Your cat obviously cannot speak people language, so you need to learn cat language to find out what your feline is saying. Tail movement is a reliable source of communication because it tells you the mood of the cat. Sometimes other clues, such as meowing, are combined with what the tail is saying. I have found with my own feline family, that all cats generally speak the same language.
When your cat walks toward you with her tail raised and occasionally waving back and forth, she is saying that she is open to interacting with you at the moment. When she raises her tail in this manner to other cats, she is telling them that she is respectfully acknowledging their presence and is willing to be their friend.
When you are talking to kitty and petting her, chances are that she will raise her tail to you and wave it back and forth quickly.
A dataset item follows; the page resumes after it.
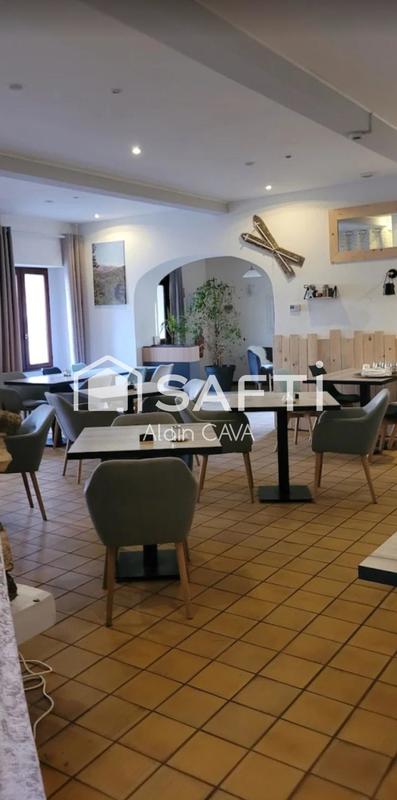 Local commercial - 4 000 m² - 17 pièces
She is communicating to you that she is happy and appreciative of the attention you are giving her.
A droopy tail is cat language that says kitty is just checking things out and currently everything is neutral. But when she begins to wave that droopy tail, she is reconsidering the neutrality, and is probably going to change her mind soon.
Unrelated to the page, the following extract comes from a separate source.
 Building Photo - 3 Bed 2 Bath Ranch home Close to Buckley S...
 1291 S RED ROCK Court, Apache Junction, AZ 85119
Watch out when your cat rapidly whips or snaps her droopy tail back and forth. She is agitated. You need to, if possible, remove the source of agitation immediately!
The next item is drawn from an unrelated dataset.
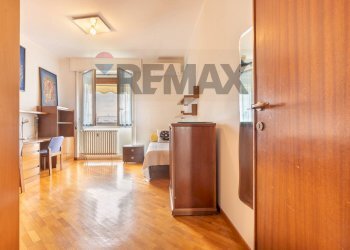 Hall / corridoio - Trilocale VIA SABOTINO
 
6, Brugherio - foto 22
If kitty has an easy-going, protected life without things in her environment threatening her, you may not often see her with a big, puffy, bottle-brush tail. But when you do, this cat language is showing surprise, fear, and bravery, possibly all at the same time. Kitty has either been surprised or threatened. Instead of turning and running off, she is bravely confronting whatever has frightened her. So she raises the fur, not only on her tail, but on her back as well. Since this makes kitty look much bigger, she is definitely expecting the enemy to be the one to turn and run off, not her!
How a Cat is Enabled to Use Her Tail In Cat Language
A cat’s tail is included in the vertebral column and its bones, which are called caudal vertebrae. Usually a cat has 19 to 21 caudal vertebrae. This varies with the cat breed, as cats with longer tails (such as Siamese) have more caudal vertebrae and breeds with shorter tails (as in Persian) have less. Even Manx cats, which appear to not have any tail at all, usually still have a few caudal vertebrae.
The muscles surrounding the bones in a feline’s tail enable her to move it in expressing cat language. At the end of the cat’s back where the tail starts, the muscles are big. They get smaller the closer they get to the tip of the tail, which is why a cat’s tail is tapered.